• **Provided entries**

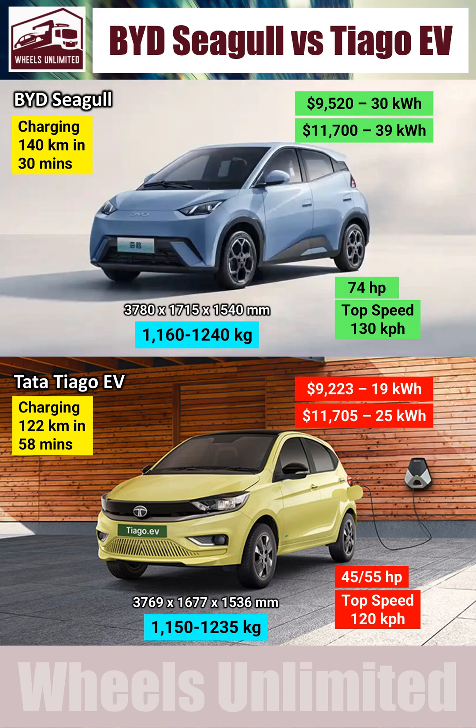There are five big reasons why the BYD Seagull is better than the Tata Thiago EV.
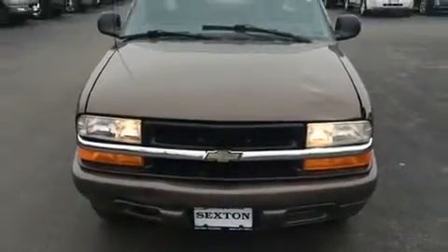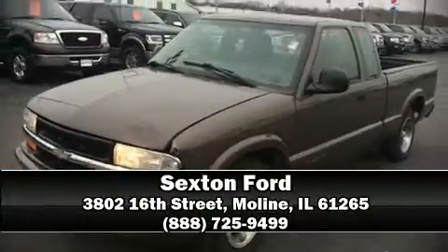Our experienced sales staff is eager to share its knowledge and enthusiasm with you. We are here to help you.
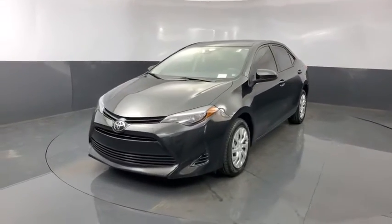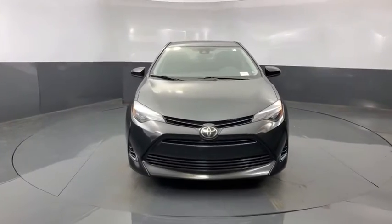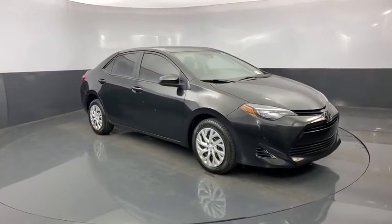We are pleased to show you the 2018 Toyota Corolla. The Corolla is still a great option for those who want dependability, comfort, and value. This vehicle has less than 35,000 miles.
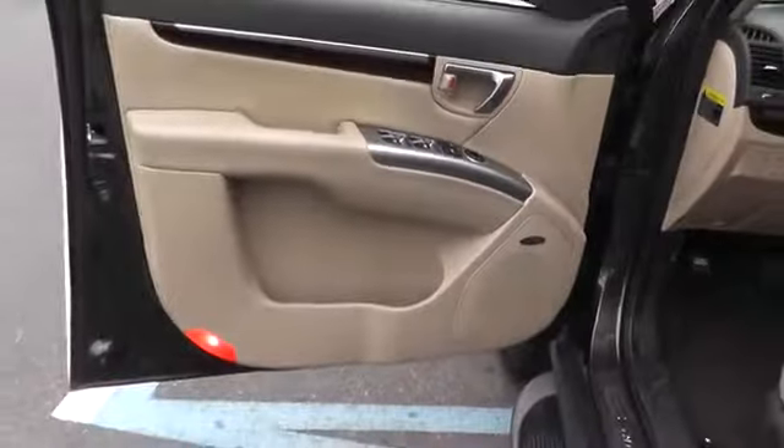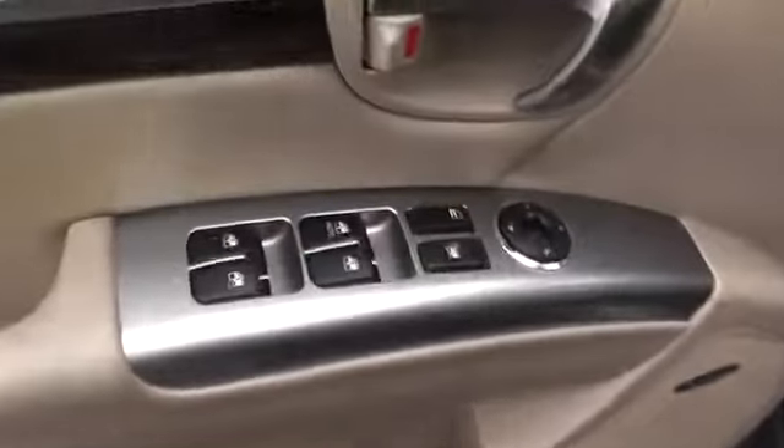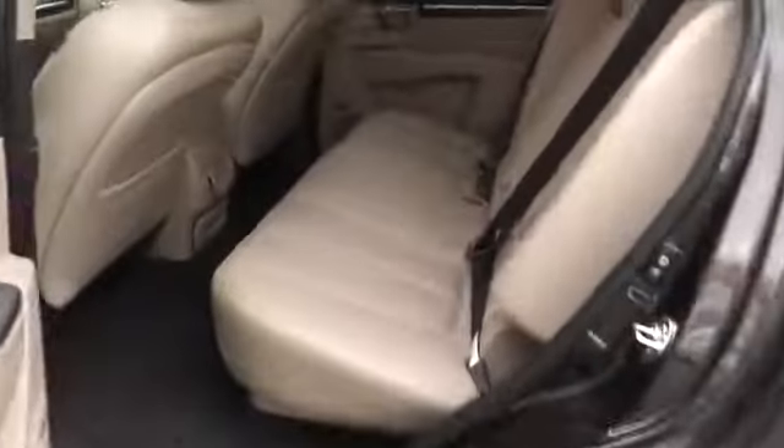Premium sound system. Bucket seats. Power windows. Power door locks. MP3 player. Take this vehicle for a spin and see why so many shoppers are now proud owners.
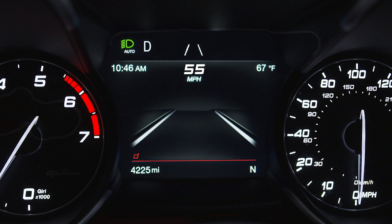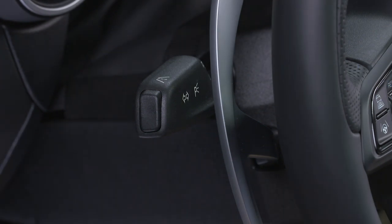Keep in mind, LKA will remain in its previous mode even when you restart the vehicle. To turn it on or off, press the button at the end of the multifunction lever.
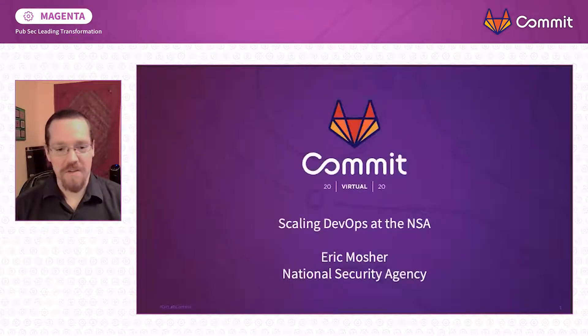Hello, and welcome to Scaling DevOps at the NSA. I'm Eric Mosier, here from the National Security Agency. This is the story of how we upgraded our GitLab instance four major versions in one day — we upgraded from version 7 to 11.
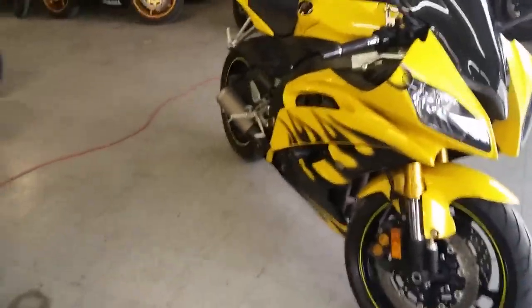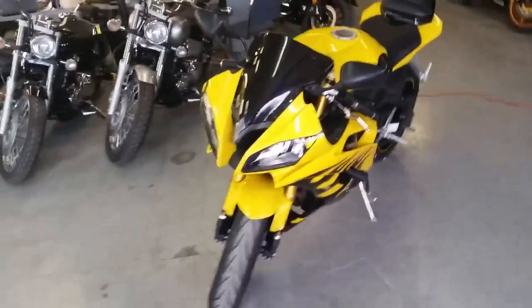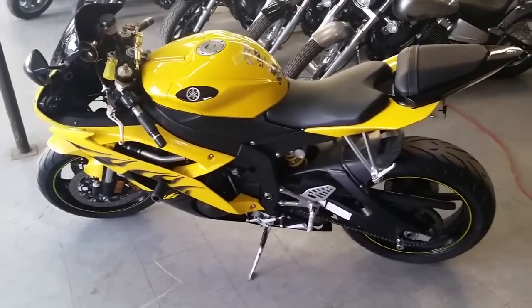tinted windscreen, and more. This thing's just been serviced at an authorized Yamaha dealership — it's been inspected, certified, and includes a one-year warranty. Tear up the streets on this one-owner, low-mileage, certified, warrantied R6 for $149 a month.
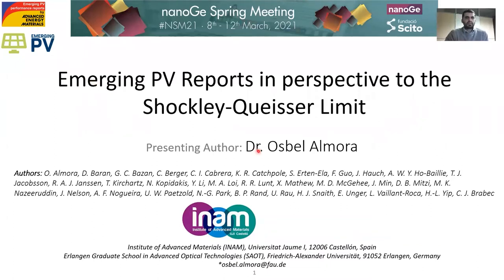Hello everybody. My name is Osbelo Almoda and on behalf of my colleagues, I want to talk about the Emerging PV Reports Initiative, which is basically a project for presenting, illustrating, summarizing, and surveying the best achievements in photovoltaics, showing them as a function of the bandgap of the photovoltaic materials and with respect to the Shockley-Queisser limit.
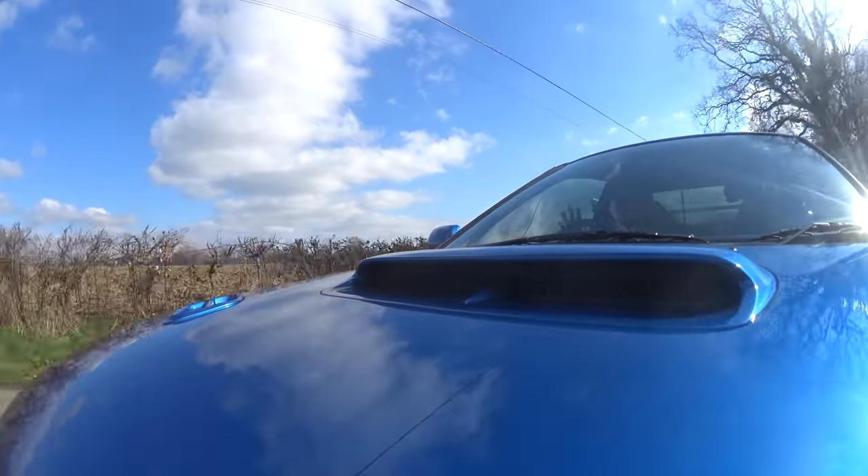The suspension is on the firm side. Around town, you bounce a little bit, but it is reasonably supple and not uncomfortable. These seats are reasonably narrow — wider-frame gentlemen may struggle. I fit in them just fine. It is snug, but that's how I like sportier cars to be. It means you don't feel like you're going to move around too much, and it gives you the confidence to really push on.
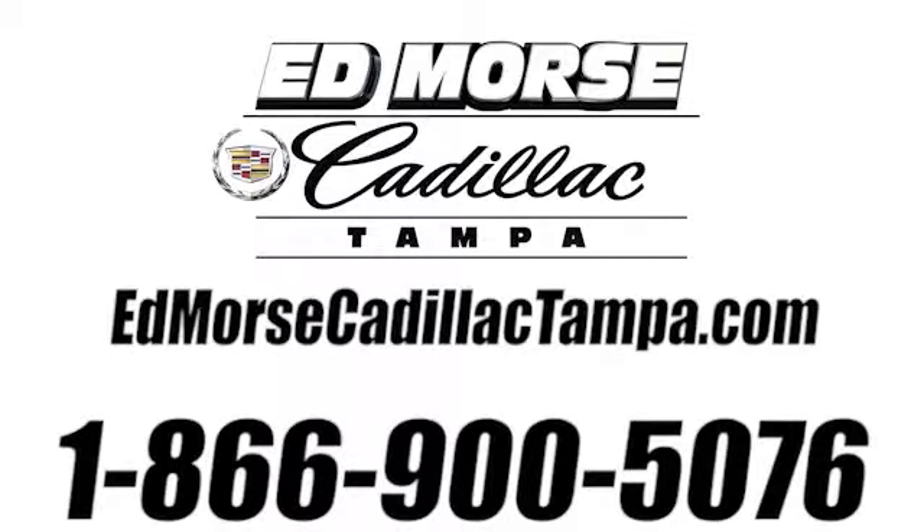Call us today at 866-900-5076. For value and for service, it's Edmars.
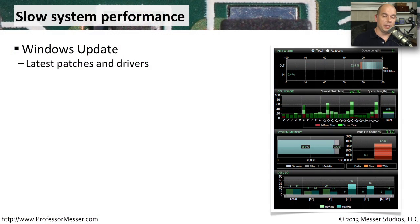If your operating system is running slow, you may want to make sure that you've got the latest version of everything. Try running Windows Update to make sure you have the latest security patches and operating system patches. This might also allow you to update some additional drivers, all by using Windows Update.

• **Your instructions**
The required result is the entries above, printed exactly from the first line through the line with "We are pleased", pictures excluded.

• **Expected answer**
There are five big reasons why the BYD Seagull is better than the Tata Thiago EV.
Our experienced sales staff is eager to share its knowledge and enthusiasm with you. We are here to help you.
We are pleased to show you the 2018 Toyota Corolla. The Corolla is still a great option for those who want dependability, comfort, and value. This vehicle has less than 35,000 miles.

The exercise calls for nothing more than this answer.